• What this task involves: Say how many lines in the data below contain the word "with", and give no other text.

Start of Block

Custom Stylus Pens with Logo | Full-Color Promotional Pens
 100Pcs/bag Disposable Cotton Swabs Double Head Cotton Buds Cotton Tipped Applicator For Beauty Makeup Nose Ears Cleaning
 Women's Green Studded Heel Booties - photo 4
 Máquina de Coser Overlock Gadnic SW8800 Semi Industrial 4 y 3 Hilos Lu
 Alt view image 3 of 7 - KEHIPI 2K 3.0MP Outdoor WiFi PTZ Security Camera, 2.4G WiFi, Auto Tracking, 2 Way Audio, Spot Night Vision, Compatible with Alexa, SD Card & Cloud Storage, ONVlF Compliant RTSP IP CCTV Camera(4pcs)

End of Block

• Solution to the problem: 2